(Dataset excerpts)

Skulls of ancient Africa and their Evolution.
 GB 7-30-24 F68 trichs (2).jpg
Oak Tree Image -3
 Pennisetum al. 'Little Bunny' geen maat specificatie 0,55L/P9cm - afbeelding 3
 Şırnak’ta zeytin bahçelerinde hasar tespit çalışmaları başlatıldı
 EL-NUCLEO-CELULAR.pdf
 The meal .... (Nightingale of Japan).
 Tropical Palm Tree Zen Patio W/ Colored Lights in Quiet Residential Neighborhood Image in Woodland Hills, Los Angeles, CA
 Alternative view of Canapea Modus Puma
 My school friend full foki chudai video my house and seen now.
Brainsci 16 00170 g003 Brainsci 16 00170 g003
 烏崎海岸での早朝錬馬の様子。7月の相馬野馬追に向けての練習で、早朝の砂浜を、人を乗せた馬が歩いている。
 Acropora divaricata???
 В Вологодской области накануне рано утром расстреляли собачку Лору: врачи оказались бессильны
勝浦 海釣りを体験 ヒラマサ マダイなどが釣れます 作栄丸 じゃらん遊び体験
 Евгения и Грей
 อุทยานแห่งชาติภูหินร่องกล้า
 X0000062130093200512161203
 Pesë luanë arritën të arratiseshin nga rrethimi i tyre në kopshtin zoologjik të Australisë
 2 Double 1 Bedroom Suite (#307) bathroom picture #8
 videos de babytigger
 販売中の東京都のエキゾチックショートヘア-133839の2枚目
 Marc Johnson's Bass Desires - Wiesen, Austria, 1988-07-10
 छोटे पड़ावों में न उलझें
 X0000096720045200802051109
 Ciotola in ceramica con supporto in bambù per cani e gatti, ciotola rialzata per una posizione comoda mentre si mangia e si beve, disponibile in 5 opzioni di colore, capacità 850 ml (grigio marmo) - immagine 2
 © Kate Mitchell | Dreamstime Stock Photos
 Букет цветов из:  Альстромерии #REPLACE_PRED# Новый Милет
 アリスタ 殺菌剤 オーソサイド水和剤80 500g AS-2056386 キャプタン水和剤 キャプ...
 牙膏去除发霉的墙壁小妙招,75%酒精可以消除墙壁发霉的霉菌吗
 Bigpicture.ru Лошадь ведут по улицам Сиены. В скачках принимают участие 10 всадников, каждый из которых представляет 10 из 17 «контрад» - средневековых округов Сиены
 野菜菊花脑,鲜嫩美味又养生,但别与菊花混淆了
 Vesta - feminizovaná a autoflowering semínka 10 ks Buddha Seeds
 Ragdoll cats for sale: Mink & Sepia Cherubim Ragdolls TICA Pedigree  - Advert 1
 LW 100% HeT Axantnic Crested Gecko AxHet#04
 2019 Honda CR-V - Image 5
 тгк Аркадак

» The task
Count the lines of the records that contain the word "Image". Give only the count.

» Result of the task
3